Apparently it's not uncommon for non-blogger friends to bring up your internet hobby in front of others. Strangers, usually. And usually strangers who are trying to hit on you and in other words the exact strangers you want your blog to remain anonymous to forever and ever (because no one likes to censor their blog posts because some rando from that bar who makes a great story now knows your blog address).
It stems from interest, which really is flattering. But the problem is, non-bloggers who are interested in what we do (because there are many, of course, who couldn't give two shits about what we got at Starbucks and how sweaty we are after our gym sessions) are this way for several reasons.
One. They are thinking about writing their own blog and want to see how we are doing it.

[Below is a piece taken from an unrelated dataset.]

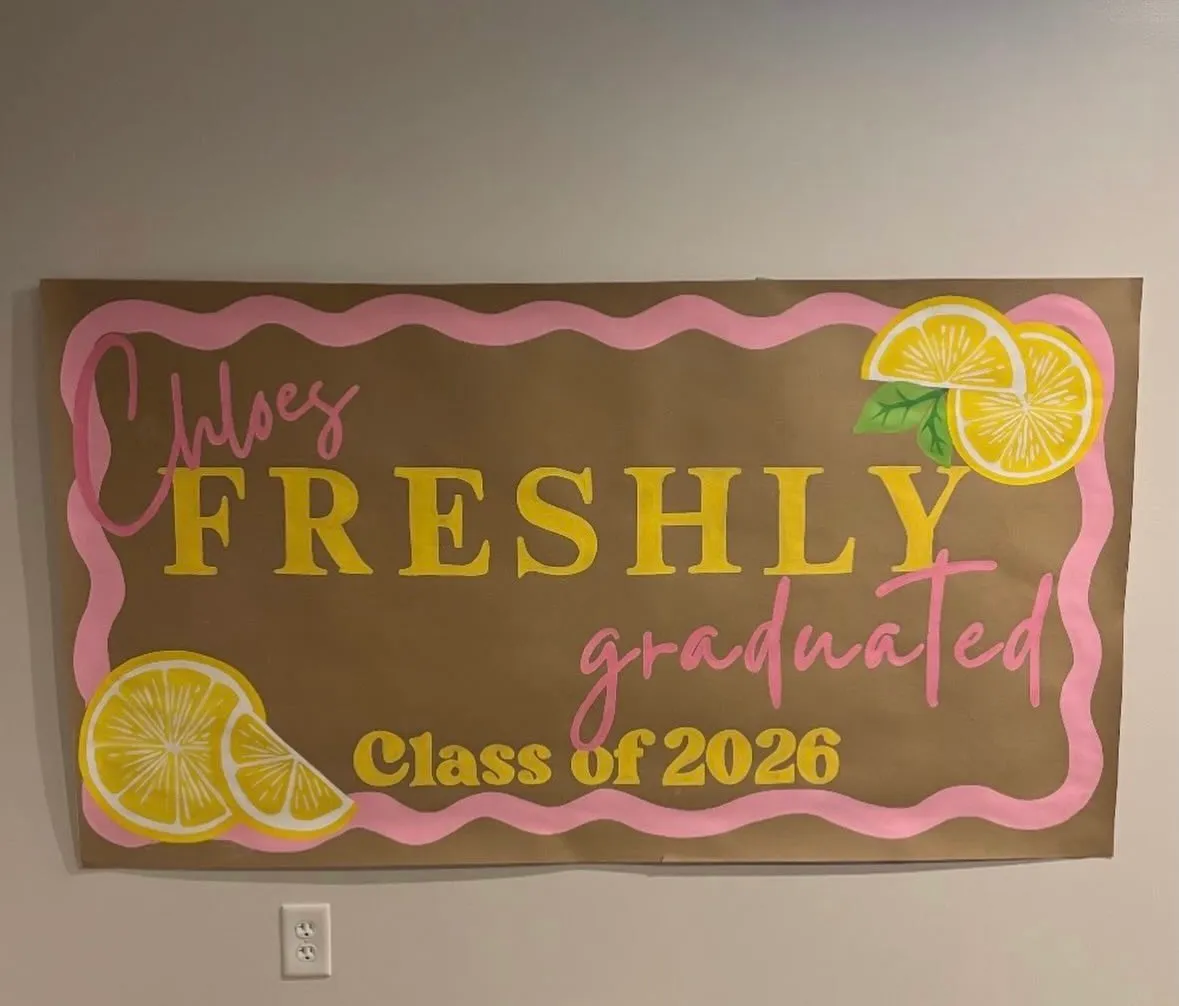 Class of 2026 Grad — hand-painted banner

Two. They hate us and want fuel for the fire (I mean, we give them plenty of fuel).
Three. They don't understand why we do it and they want to know why they are interested enough to keep typing that URL in there.
Four. They really enjoy our content.
Five. All the other reasons, like oh, that recipe looks delish. Or where did she get that necklace? Or how did her butt get so big? Or she moved where?!
And six. You're a dude interested in a chick who happens to write about her entire little being on the internet, so you scroll through those archives gathering up information that either gives you the complete upper hand (provided you're not a creep and most likely attractive) or scares the pants right off of your internet savvy bod and you go running for the hills.
All this to say, a lifestyle blog is by no means a first date convo piece and is not to be placed on a dating site profile. Ever. And if I know you and you read my blog, thank you. That's awesome. But if we're out in a bar and we're chatting up some fellas, don't mention my blog and I won't mention your strange addiction to eating toilet paper. Sometimes they're equally awkward.